About Mountain Music Project
Our Mission:
The Mountain Music Project’s mission is to encourage the preservation of musical traditions in rural and under-served communities throughout the world, with a special focus on mountainous regions.
Our activities include cultural exchanges and expeditions, multimedia
documentation, and supporting local cultural preservation organizations.
Our cultural preservation work is done as a project of Tundra Club, a 501c3 non-profit organization with offices in Montana and Utah. Our commercial CDs and DVDs are managed by Mountain Music Project, LLC, registered in Virginia.

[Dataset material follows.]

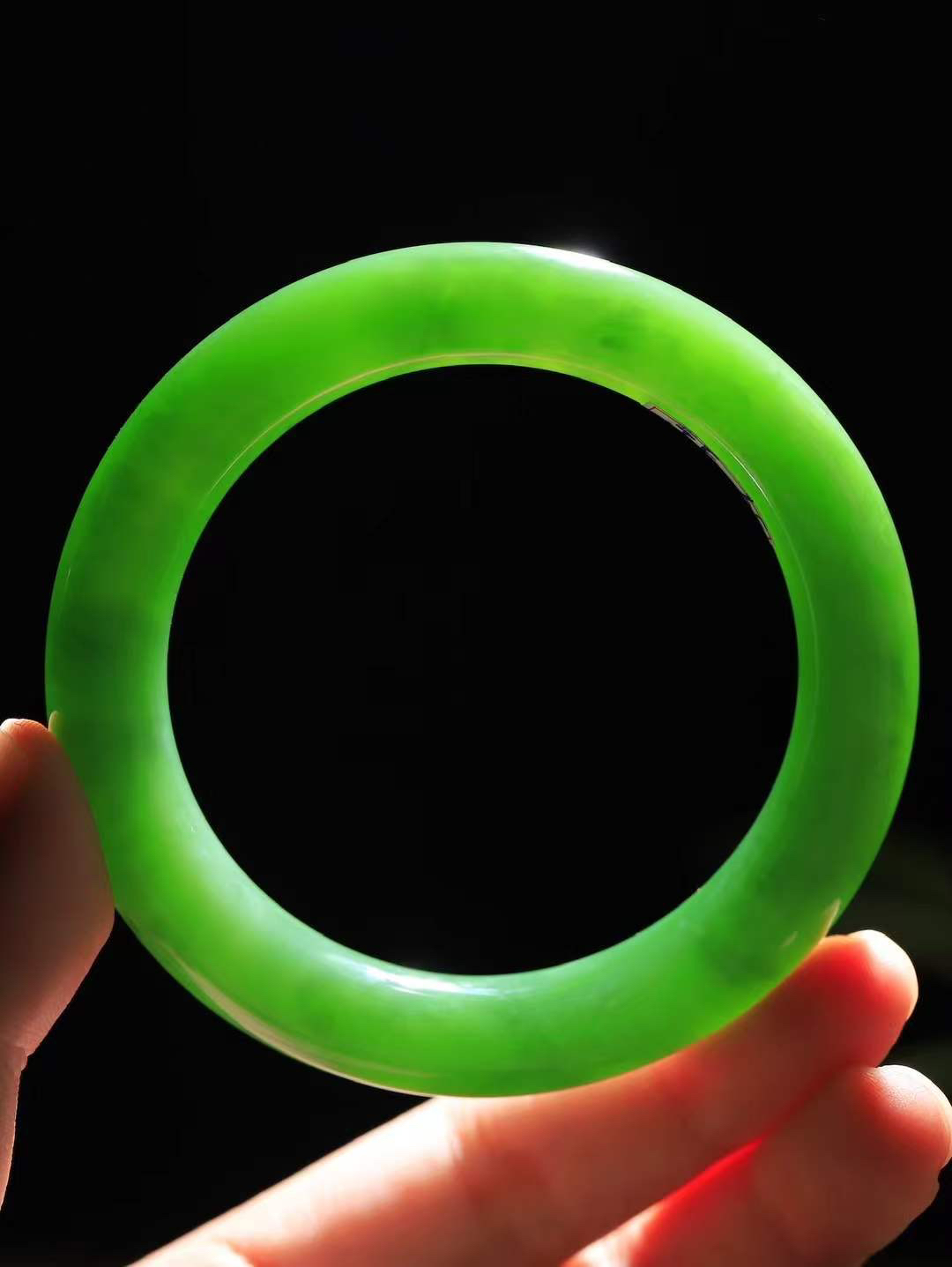 （碧色荡漾.手镯）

We’re currently working to help musicians preserve their local traditions in Nepal, Bhutan, Thailand, Burma, and wherever the songs carry us. Does your community have a musical tradition that might not get passed to the next generation? Let us know!
Staff Bio’s
Jacob Penchansky
Jacob Penchansky (AKA Jack Chance) is a radio producer, sound recordist, and “guerilla
ethnomusicologist.” His radio stories and audio recordings have been broadcast on National Public
Radio, BBC/PRI’s The World, Radio Netherlands, the Nature Conservancy Podcast, the Pulitzer Center on Crisis
Reporting, and Outer Voices. Jacob has recorded traditional musicians in more than 30 countries. He’s
a contributing writer for the Rough Guide to World Music, has helped preserve audio recordings for
Easter Island’s Museo Anthropologico, built radio stations in Borneo, documented endangered native languages in Alaska, and trained musicologists along the Thailand-Burma border.
Tara Linhardt
In addition to being an award-winning mandolin player from Virginia, winning first place at such festivals as Mt Airy and Maury River Fiddler’s Conventions, she’s also spent significant time exploring the traditional Asian music and culture. She also studied and lived with Nepali families for a year studying classical Indian tabla drumming, yoga,
meditation, and traveled with and assisted a local environmental organization, along with her studies of
Nepali language, history and culture. She graduated cum laude with her Bachelor’s Degree in
International Relations from the University of Wisconsin-Madison, and a Masters in Education from
Shenandoah University. She then followed her interests in music and culture back in the US, where she
went back to the culture of her home state of Virginia and became a bluegrass musician, playing,
performing, and teaching traditional styles of music; privately, at festivals, and at camps such as
“Traditions Week” at McDaniel College.
Danny Knicely
Danny Knicely is a music producer and fourth generation Appalachian multi-instrumentalist from a
Virginia family steeped in mountain music tradition. He has won many awards for his mandolin, guitar,
and fiddle expertise, including 1st place mandolin at the Telluride Bluegrass Festival. Danny has used his
roots in old-time and bluegrass to explore many types of music from Irish, Jazz, and Latin, to the various
styles he’s encountered while performing and studying music in India, Nepal, Tibet, and China. He has an
awesome ability and desire to learn music from local musicians where ever he goes. Danny can be found
recording and touring the U.S. and internationally with Magraw Gap, Corn Tornado, Purgatory Mountain,
Ouros, Furnace Mountain, and the renown multi-cultural performance troupe, Footworks Percussive
Dance Ensemble. He has also given presentations on the similarities between Appalachian and Himalayan
music at Columbia University, the University of North Carolina-Chapel Hill, Augustana College,
Dickinson College, and for Asia Network.